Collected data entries
----------

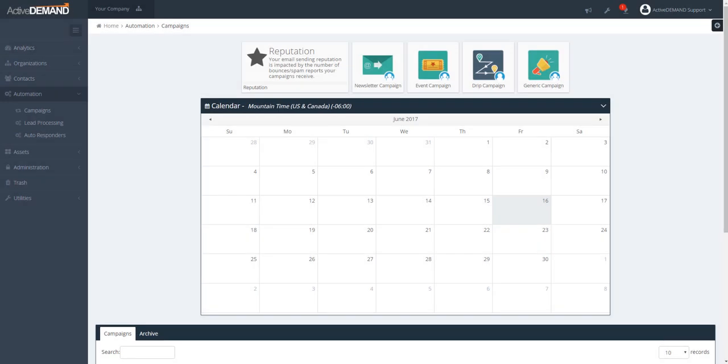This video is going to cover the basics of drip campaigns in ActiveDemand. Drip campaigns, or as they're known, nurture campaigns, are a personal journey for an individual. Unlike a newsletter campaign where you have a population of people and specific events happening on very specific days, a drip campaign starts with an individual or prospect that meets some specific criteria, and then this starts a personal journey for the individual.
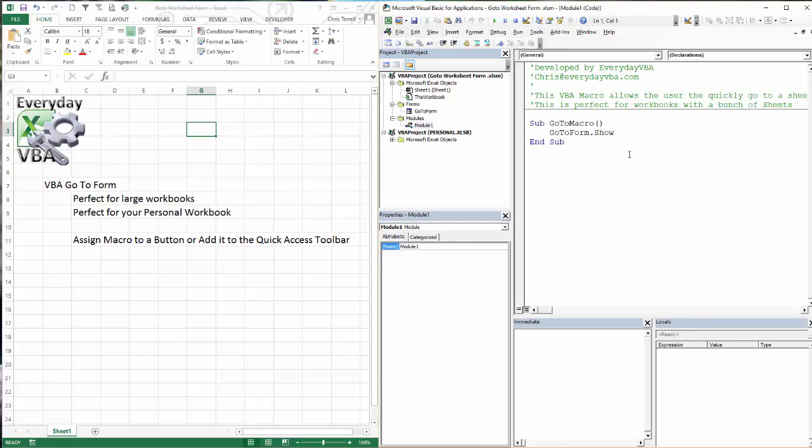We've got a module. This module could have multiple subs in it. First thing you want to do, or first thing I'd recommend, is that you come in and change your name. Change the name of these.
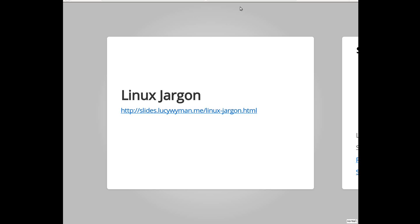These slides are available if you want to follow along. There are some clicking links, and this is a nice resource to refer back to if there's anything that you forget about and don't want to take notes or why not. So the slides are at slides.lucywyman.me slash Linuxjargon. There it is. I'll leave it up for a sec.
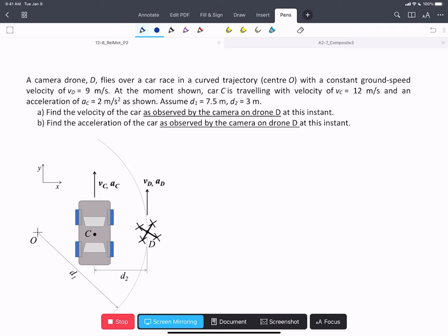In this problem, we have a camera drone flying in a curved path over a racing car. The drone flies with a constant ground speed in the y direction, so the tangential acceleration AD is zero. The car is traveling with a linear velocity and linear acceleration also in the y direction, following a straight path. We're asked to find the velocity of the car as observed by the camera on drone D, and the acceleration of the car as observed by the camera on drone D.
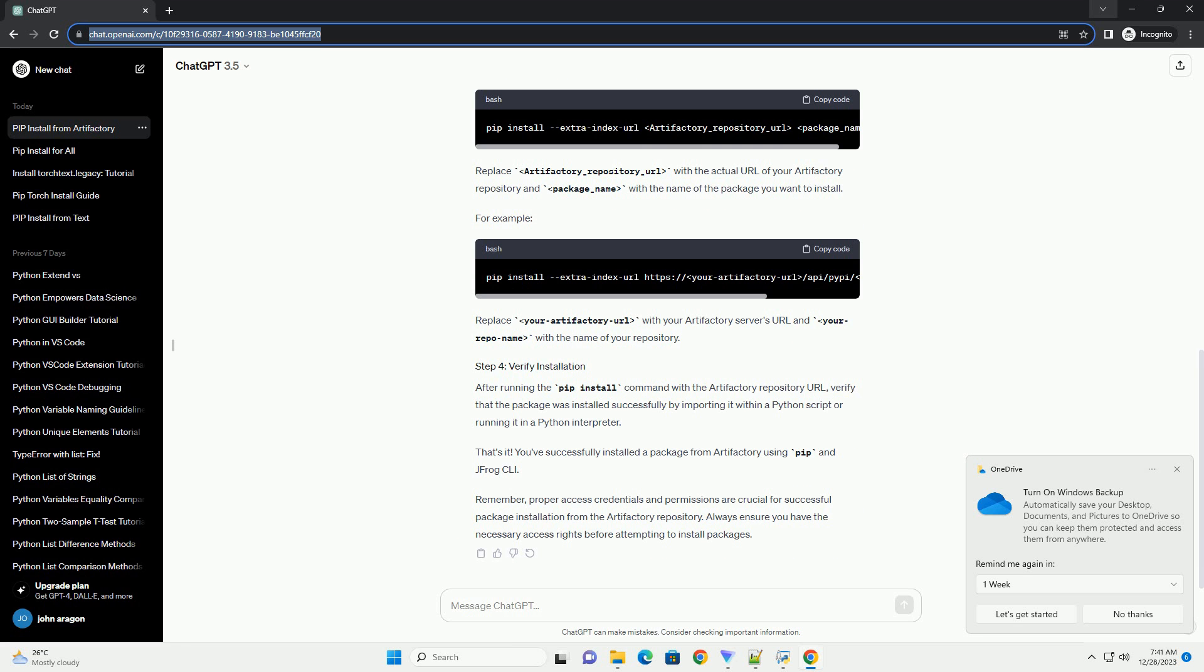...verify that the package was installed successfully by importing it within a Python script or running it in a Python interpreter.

----------

Repeat every record above exactly. The pictures do not belong in the copy.

This video is going to cover the basics of drip campaigns in ActiveDemand. Drip campaigns, or as they're known, nurture campaigns, are a personal journey for an individual. Unlike a newsletter campaign where you have a population of people and specific events happening on very specific days, a drip campaign starts with an individual or prospect that meets some specific criteria, and then this starts a personal journey for the individual.
We've got a module. This module could have multiple subs in it. First thing you want to do, or first thing I'd recommend, is that you come in and change your name. Change the name of these.
These slides are available if you want to follow along. There are some clicking links, and this is a nice resource to refer back to if there's anything that you forget about and don't want to take notes or why not. So the slides are at slides.lucywyman.me slash Linuxjargon. There it is. I'll leave it up for a sec.
In this problem, we have a camera drone flying in a curved path over a racing car. The drone flies with a constant ground speed in the y direction, so the tangential acceleration AD is zero. The car is traveling with a linear velocity and linear acceleration also in the y direction, following a straight path. We're asked to find the velocity of the car as observed by the camera on drone D, and the acceleration of the car as observed by the camera on drone D.
...verify that the package was installed successfully by importing it within a Python script or running it in a Python interpreter.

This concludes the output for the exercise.